◆ TASK BRIEF
Which lines run from the one containing "A person lies" through the end of the material? Transcribe them word for word, and only them.

◆ EXCERPTED DATA
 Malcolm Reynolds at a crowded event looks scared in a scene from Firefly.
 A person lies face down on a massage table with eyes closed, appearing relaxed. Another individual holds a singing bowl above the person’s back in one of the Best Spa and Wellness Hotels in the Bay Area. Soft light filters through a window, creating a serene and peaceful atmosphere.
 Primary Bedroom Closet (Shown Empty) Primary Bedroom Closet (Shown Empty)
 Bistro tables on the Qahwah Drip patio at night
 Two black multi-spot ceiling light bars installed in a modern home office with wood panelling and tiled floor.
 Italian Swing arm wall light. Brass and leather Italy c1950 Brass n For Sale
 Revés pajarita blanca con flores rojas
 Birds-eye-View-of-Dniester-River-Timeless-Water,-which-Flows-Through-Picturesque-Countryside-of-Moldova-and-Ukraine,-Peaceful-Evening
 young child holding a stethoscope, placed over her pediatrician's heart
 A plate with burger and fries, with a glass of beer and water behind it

◆ RESULT OF THIS EXERCISE
 A person lies face down on a massage table with eyes closed, appearing relaxed. Another individual holds a singing bowl above the person’s back in one of the Best Spa and Wellness Hotels in the Bay Area. Soft light filters through a window, creating a serene and peaceful atmosphere.
 Primary Bedroom Closet (Shown Empty) Primary Bedroom Closet (Shown Empty)
 Bistro tables on the Qahwah Drip patio at night
 Two black multi-spot ceiling light bars installed in a modern home office with wood panelling and tiled floor.
 Italian Swing arm wall light. Brass and leather Italy c1950 Brass n For Sale
 Revés pajarita blanca con flores rojas
 Birds-eye-View-of-Dniester-River-Timeless-Water,-which-Flows-Through-Picturesque-Countryside-of-Moldova-and-Ukraine,-Peaceful-Evening
 young child holding a stethoscope, placed over her pediatrician's heart
 A plate with burger and fries, with a glass of beer and water behind it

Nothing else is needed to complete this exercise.